Jan. 6 panel, Senate “out of sync” on election reform

The Jan. 6 select committee and the U.S. Senate are on a potential collision course over reforms to the Electoral Count Act — a law from 1887 that President Trump tried to commandeer a year ago to return himself to office.

Why it matters: A bipartisan group of senators is considering a variety of changes, yet the committee is weighing dozens of its own recommendations. A concern already echoed by several Democrats is that a quick fix to the act may undercut a more meaningful, long-term change.


  • "I think it may appear out of sync because on the eve of the Senate taking up voting rights legislation, some Republican opponents launched this discussion of Electoral Count Act reform," Stephen Spaulding, former counsel for Rep.
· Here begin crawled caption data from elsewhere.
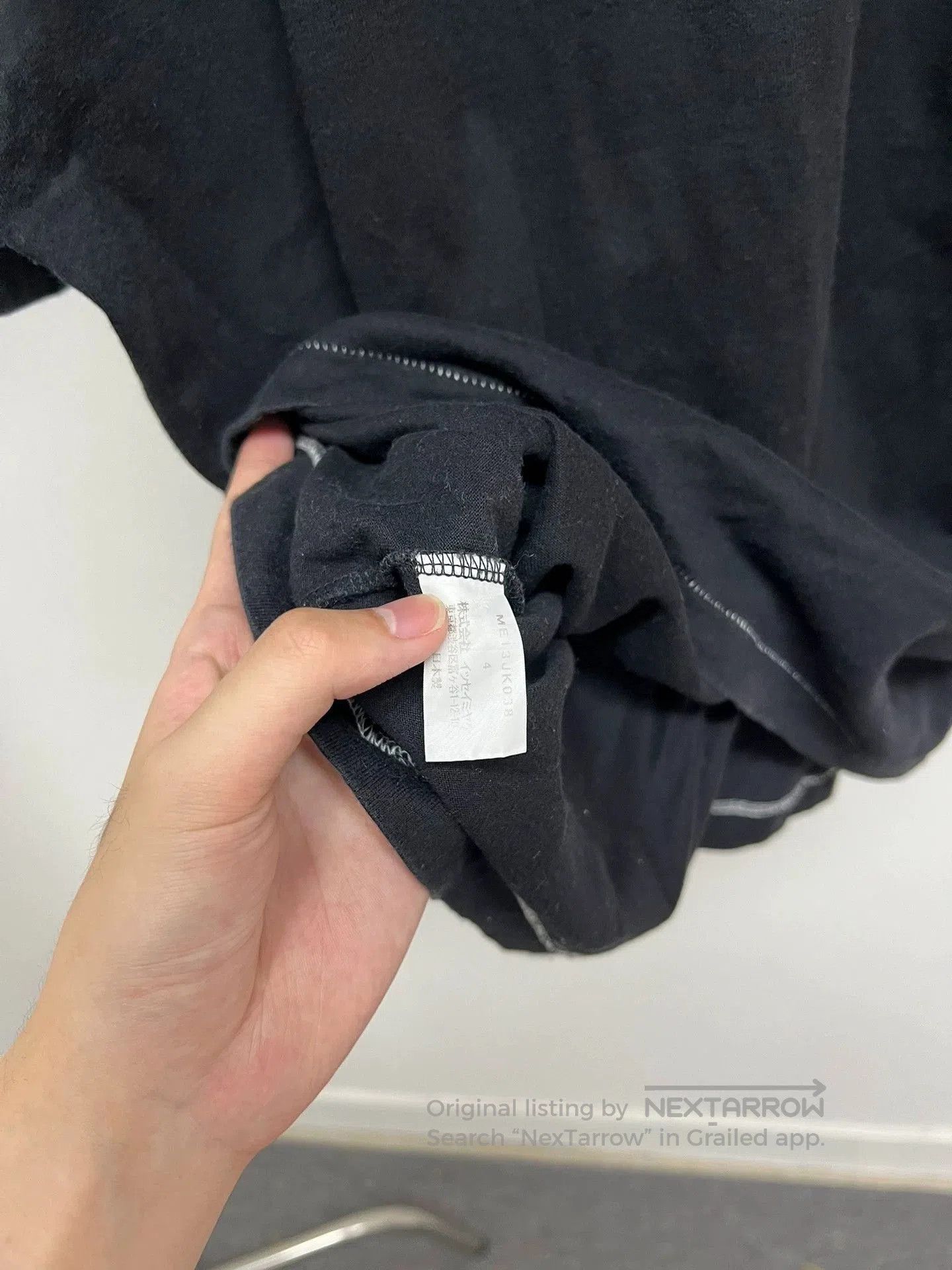 Issey Miyake Black Short Sleeve Graphic T. Size US XL / EU 56 / 4 - 7 Thumbnail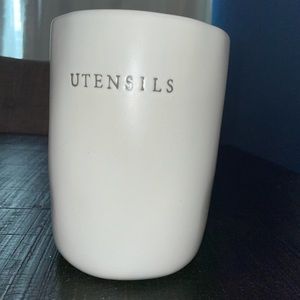 Hearth & Hand with Magnolia Stoneware Utensils Holder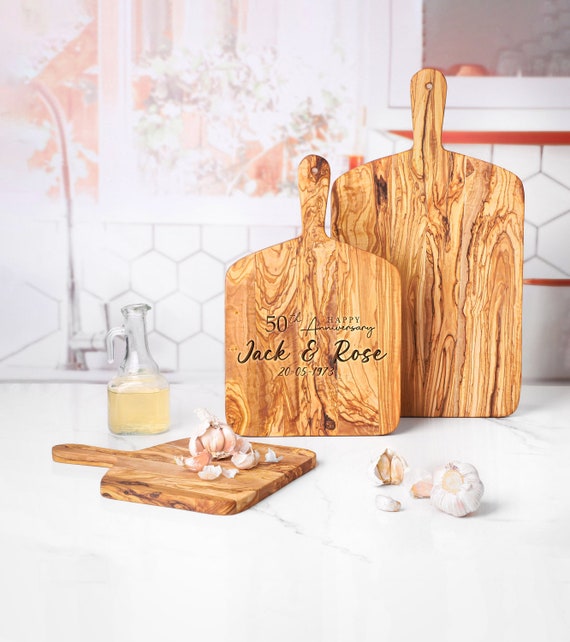 Olive Wood Cutting Board Set, Bulk Cutting Boards Handmade, Olivewood Cutting  Boards FREE Personalization & Wood Conditioner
Zoe Lofgren (D-Calif.), told Axios. "Reforming the Electoral Count Act is important, but wholly insufficient."
  • Lofgren herself sits both on the Jan. 6 panel and chairs a separate House committee working on election reform.
  • "If you look at the myriad of ways that elections can be subverted, the Electoral Count Act only touches a piece of that around congressional floor action," said Marc Elias, an election laws specialist who's been used by many members of the Democratic Party and party committees themselves.
  • A committee spokesperson did not immediately respond to a request for comment from Axios.

The big picture: As Axios reported Wednesday, the bipartisan group of senators is considering reform to the role of the vice president as outlined in the act as part of a broader push to strengthen election legislation.

  • Trump tried to exploit the act's vague language to have then-Vice President Mike Pence overrule the results of the 2020 election.
  • Among the changes under consideration is clarifying that the vice president's role is merely ceremonial — not empowered.

The Jan. 6 select committee also is zeroing in on the act as part of a broader array of recommendations that will follow its investigation and future public hearings.

  • The committee is months away from issuing an interim report that would contain any such recommendations.
  • In addition, House committees are considering raising the threshold of what it takes to object to the certification of an individual state's election results.

Under the act as currently written, just one senator and one House member can team up to do so, triggering up to a four-hour debate that could be repeated for each of the 50 states.

  • The Jan. 6 uprising occurred as lawmakers were considering a challenge to the 2020 presidential election results from Arizona — a state early in the alphabetical roll call of states.

The bottom line: It's a long way away—but if the Senate moves first and makes changes to the Electoral Count Act by itself, trying to reconcile it with a House version or recommendations from the select committee could become a new point of contention in the aftermath of Jan. 6.

  • At least one Senate staffer close to the bipartisan group’s discussions suggested any alarm in the House is overblown.
  • The staffer said the group's discussions are still at an early stage, and it is nowhere close to finalizing reform recommendations.